BEGIN DATA SEGMENT
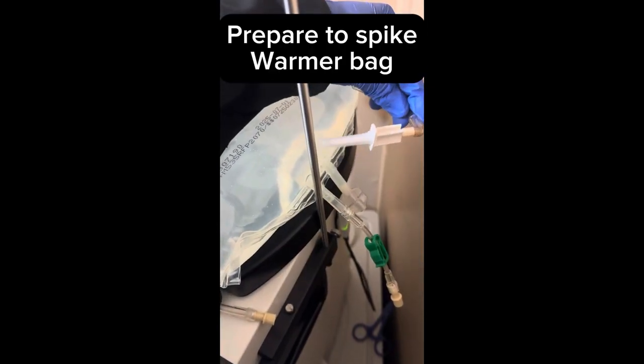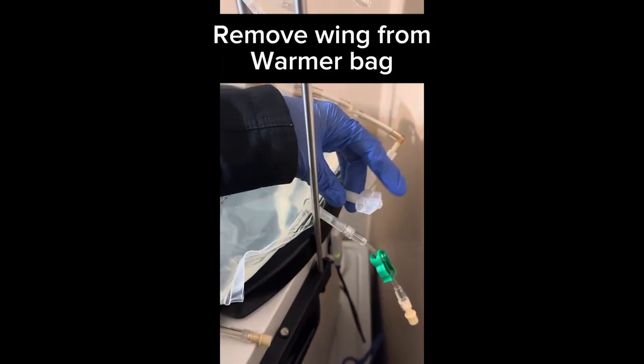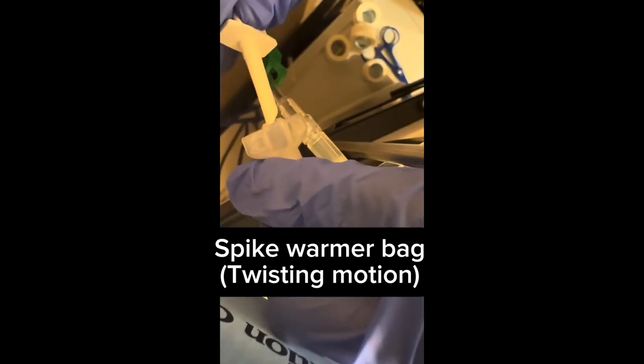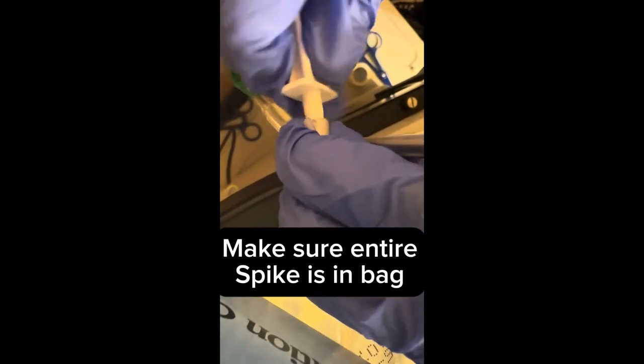Prepare to spike the warmer bag. Remove the wing from the warmer bag and remove the cap from the spike. Spike the warmer bag using a twisting motion and make sure the entire spike is in the bag.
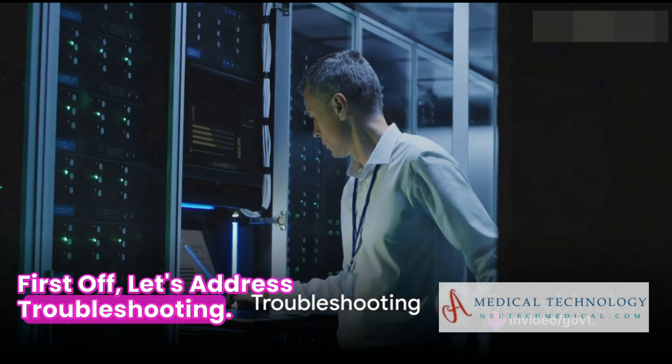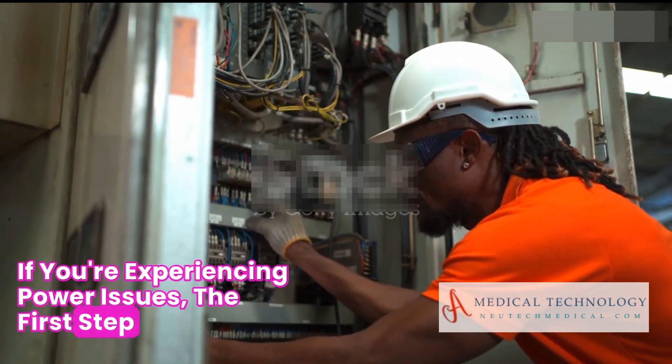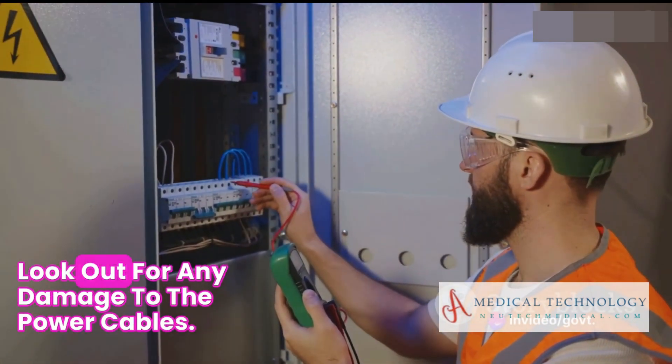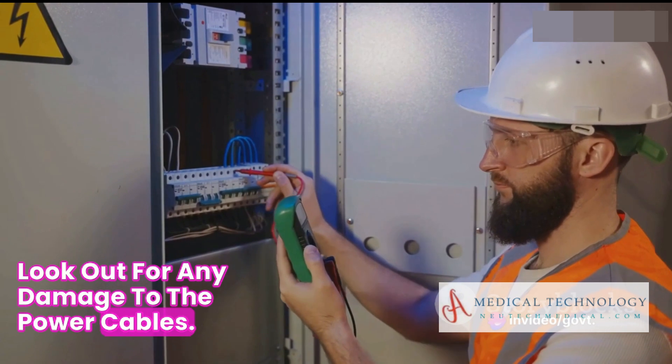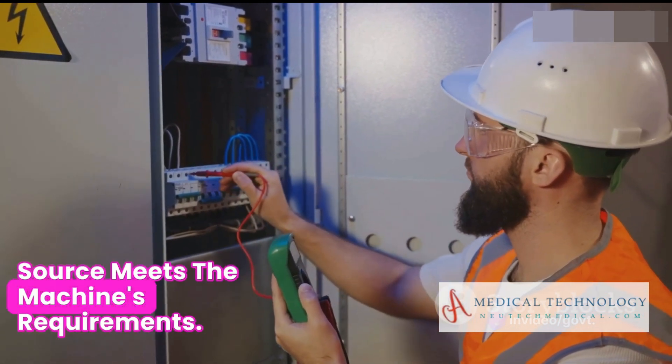First off, let's address troubleshooting. If you're experiencing power issues, the first step is to inspect the power supply and connections. Look out for any damage to the power cables. Also, ensure that the power source meets the machine's requirements.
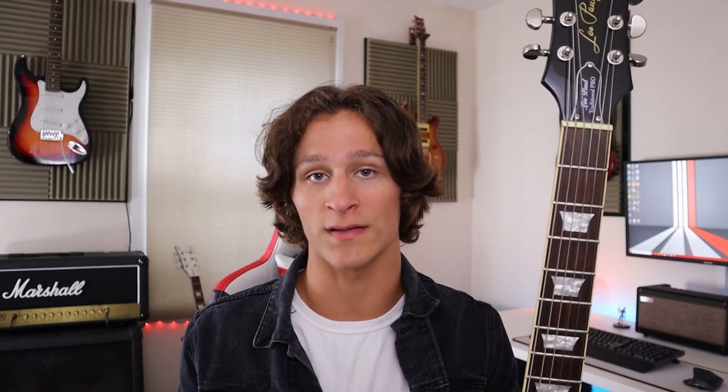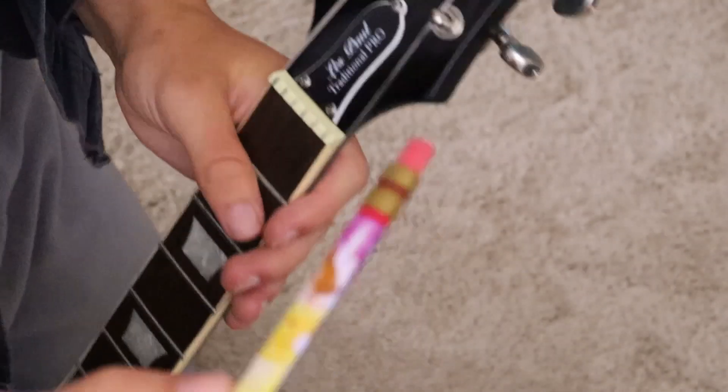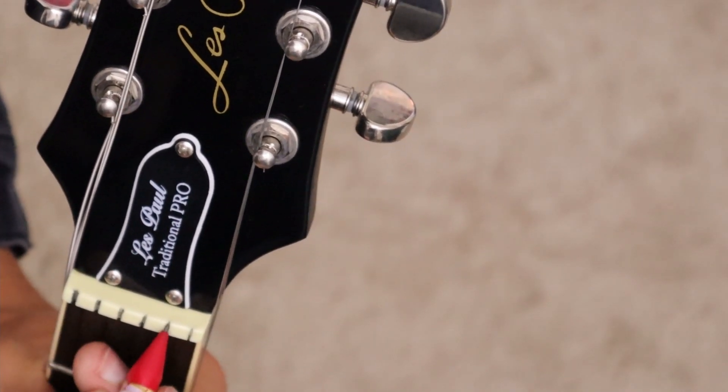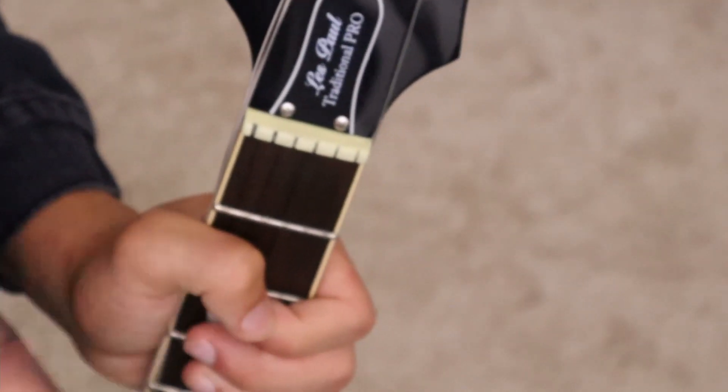The next trick is using a pencil to lubricate the nut. If you're having tuning stability issues, use this trick and chances are it might help you out. This is something I do every single time I change strings — it's very simple and it helps out with tuning stability a ton. I'm going to detune all of the strings, not take them all off, just enough so I can move them out of the nut slot and scribble in with the pencil. Now that I have the strings detuned enough to move them off to the side on both sides, I'm going to take my lovely Barbie princess pencil and lubricate the nut by drawing in each one of the nut slots. After all that, you just wipe off the excess with your finger, and voila.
END DATA SEGMENT
-- WHAT THE TASK ASKS --
From the top of the listing above, repeat each line exactly until you reach the line containing "First off, let's", and repeat that one too. Leave the pictures out.

-- WRITTEN RESPONSE --
Prepare to spike the warmer bag. Remove the wing from the warmer bag and remove the cap from the spike. Spike the warmer bag using a twisting motion and make sure the entire spike is in the bag.
First off, let's address troubleshooting. If you're experiencing power issues, the first step is to inspect the power supply and connections. Look out for any damage to the power cables. Also, ensure that the power source meets the machine's requirements.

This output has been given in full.